This week I spent a couple of days in Berlin, partly there to kick off a year long training programme with a hand picked group of rising PR rock stars from across our EMEA network, our Future Leaders Academy.
I made the point that starting this year-long journey through creative and digital leadership, innovation etc in Berlin was not an accident of logistics. Here we were at a crucial point of positive change in their careers, our firm, and the PR and wider media and marketing industries. So the backdrop of Europe’s most culturally and creatively relevant city was apt.
I love Berlin. If I could live anywhere outside the UK, and certainly if I was younger and freer of responsibility, it would be Berlin.
I guess I fell in love with it from afar in the 1970s when Bowie moved there and Lou Reed recorded an album dedicated to the city. Bowie’s “Heroes”was the soundtrack to that unrequited love affair of my mid teens.
Even further back, with Cold War spy thrillers like Michael Caine’s ” Funeral in Berlin”, and the nuclear paranoias of the blockade, the city held a twin fascination for me. Dark romance and annihilation dread.
Then there was “Cabaret”, my first X rated movie and still my favourite piece of musical theatre. Whatever your sexual orientation in the 1970s, Lisa Minnelli in heavy mascara, bowler hat, stockings and suspenders, and a jump suited David Bowie with his arm draped round Mick Ronson’s shoulders on TOTP, were the twin images burned into your over stimulated brain.
My first visit was a couple of years after the Wall came down. Actually a lot of it still remained and the deep tissue scars of its partial removal were plainly evident in their pain and ugliness. I bought a rabbit fur hat of an East German soldier selling off his kit at the Brandenburg Gate. He offered me his Kalashnikov. I passed.
During a break in my day yesterday I walked for an hour and a half across the city, from east to west in the warm spring sunshine, on a pilgrimage to find the house Bowie shared with Iggy Pop in during his Berlin exile. The stay that produced the trio of creative projects “Low”, “Heroes” and (less significant in my view) “The Lodger”.
I crossed Potsdamer Platz, referred to in the opening lines of “Where are we now”, the haunting and nostalgic highlight of Bowie’s latest album, now a rather bog standard modern European glass and steel urban development. Down into the Turkish quarter whose citizens Bowie empathised with on several songs. There, amongst the Turkish cafes and next to a tattoo parlour, was 155 Haupstrasse. Not much to see but I photographed it anyway. Evidence.
Why was this important to me?
Why at Christmas was it important to me to drag my thirteen year old son around streets and graveyards in Drogheda, Ireland, where my family hailed from and which I hadn’t visited for decades. Photographing doorways, streets, gravestones.
Evidence. Artefacts. History.
In another life, assuming I was reincarnated with the patience I lack in this one, I would want to be an archeologist/historian.
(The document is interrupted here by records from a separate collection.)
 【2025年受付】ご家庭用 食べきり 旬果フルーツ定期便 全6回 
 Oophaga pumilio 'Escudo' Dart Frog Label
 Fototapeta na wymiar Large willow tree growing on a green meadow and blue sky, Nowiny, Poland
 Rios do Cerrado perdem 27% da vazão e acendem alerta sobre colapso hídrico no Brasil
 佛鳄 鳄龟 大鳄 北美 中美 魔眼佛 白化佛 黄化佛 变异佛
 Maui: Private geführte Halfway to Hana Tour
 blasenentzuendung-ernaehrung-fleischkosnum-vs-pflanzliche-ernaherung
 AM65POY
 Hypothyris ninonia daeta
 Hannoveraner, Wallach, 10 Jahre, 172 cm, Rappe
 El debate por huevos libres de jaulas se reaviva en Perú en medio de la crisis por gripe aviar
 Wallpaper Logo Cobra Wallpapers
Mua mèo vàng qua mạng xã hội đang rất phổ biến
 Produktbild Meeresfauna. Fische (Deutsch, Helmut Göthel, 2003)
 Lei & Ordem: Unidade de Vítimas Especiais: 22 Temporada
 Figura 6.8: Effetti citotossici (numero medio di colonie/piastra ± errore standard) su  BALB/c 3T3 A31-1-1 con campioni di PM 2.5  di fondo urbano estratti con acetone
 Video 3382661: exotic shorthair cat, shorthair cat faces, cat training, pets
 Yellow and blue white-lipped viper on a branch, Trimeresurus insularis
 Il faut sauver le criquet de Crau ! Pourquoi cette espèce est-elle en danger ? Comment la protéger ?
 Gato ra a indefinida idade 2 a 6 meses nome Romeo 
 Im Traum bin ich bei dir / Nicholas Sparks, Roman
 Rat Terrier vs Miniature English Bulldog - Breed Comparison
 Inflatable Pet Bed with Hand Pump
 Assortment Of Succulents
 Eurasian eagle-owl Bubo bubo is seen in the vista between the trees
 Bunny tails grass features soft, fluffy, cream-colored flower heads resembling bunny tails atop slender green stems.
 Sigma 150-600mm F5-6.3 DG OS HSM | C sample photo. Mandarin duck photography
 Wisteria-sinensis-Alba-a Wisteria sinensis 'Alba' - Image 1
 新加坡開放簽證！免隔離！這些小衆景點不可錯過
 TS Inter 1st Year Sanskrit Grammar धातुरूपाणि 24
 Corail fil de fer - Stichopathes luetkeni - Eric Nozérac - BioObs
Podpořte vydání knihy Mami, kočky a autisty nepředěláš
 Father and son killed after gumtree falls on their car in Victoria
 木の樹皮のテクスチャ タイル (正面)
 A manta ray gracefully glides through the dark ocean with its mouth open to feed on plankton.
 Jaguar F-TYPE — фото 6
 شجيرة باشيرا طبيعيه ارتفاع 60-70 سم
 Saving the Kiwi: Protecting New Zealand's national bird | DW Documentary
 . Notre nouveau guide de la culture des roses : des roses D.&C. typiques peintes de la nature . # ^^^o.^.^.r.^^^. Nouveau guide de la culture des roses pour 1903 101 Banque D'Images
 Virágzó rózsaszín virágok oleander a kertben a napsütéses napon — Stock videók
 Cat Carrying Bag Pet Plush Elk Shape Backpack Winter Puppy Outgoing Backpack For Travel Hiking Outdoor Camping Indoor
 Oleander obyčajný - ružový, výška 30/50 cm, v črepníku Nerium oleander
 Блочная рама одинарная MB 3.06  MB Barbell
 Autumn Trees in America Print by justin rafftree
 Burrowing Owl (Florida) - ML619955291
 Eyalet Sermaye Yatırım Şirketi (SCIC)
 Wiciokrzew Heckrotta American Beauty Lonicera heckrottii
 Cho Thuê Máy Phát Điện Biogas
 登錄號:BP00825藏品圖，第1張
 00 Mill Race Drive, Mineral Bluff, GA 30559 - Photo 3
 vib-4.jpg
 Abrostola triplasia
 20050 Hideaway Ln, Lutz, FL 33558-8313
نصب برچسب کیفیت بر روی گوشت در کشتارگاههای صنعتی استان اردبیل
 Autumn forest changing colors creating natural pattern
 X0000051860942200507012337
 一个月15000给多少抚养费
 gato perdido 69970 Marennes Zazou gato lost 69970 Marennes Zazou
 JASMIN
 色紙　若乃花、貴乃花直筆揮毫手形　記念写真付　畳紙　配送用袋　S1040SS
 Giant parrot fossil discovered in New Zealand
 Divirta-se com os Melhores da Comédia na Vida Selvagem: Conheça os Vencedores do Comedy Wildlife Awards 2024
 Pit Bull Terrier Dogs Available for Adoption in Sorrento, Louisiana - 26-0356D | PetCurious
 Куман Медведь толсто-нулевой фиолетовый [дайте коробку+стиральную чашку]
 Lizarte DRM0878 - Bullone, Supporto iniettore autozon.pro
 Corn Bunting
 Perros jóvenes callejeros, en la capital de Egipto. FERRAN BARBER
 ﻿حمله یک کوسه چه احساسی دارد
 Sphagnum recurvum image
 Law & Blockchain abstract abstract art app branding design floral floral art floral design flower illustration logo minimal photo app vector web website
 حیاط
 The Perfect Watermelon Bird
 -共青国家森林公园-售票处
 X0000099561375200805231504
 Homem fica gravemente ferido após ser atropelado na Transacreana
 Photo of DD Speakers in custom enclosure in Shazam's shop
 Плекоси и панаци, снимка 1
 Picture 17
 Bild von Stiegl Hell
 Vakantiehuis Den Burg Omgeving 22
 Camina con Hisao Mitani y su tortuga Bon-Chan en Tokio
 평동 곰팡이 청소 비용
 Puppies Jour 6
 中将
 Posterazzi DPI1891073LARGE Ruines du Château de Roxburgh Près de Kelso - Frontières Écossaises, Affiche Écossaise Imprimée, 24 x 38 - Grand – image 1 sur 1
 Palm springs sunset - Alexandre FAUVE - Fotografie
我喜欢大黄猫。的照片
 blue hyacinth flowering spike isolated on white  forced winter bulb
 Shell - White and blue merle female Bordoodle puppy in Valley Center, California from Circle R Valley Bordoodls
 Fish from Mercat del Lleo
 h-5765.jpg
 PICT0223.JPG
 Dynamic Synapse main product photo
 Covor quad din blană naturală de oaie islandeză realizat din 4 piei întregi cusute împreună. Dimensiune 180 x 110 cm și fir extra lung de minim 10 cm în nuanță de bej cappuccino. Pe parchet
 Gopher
From my fascination with Bowie’s brief time here (itself a reflection of the post sixties musical world of creative, cultural and sexual experimentation), the significance- laden names (Zoo, Neukolln, Potsdamer Platz, etc), the pre-war artistic and sexual “Cabaret” culture, the wartime and post war fate of the city, the terrible nerve centre of Naziism, the anti-freedom symbolism of the Wall, liberation, reunification, healing, to the current raging creativity and artistic expression. The city is a multi-layered cultural and historical swirl, all that is great and awful about Europe’s contemporary artistic and political history. The essential backdrop for this boy growing up in the Brave New World.
Berlin. Europe’s dark heart and brightest light rolled into one. A rare city whose future is as big as its past.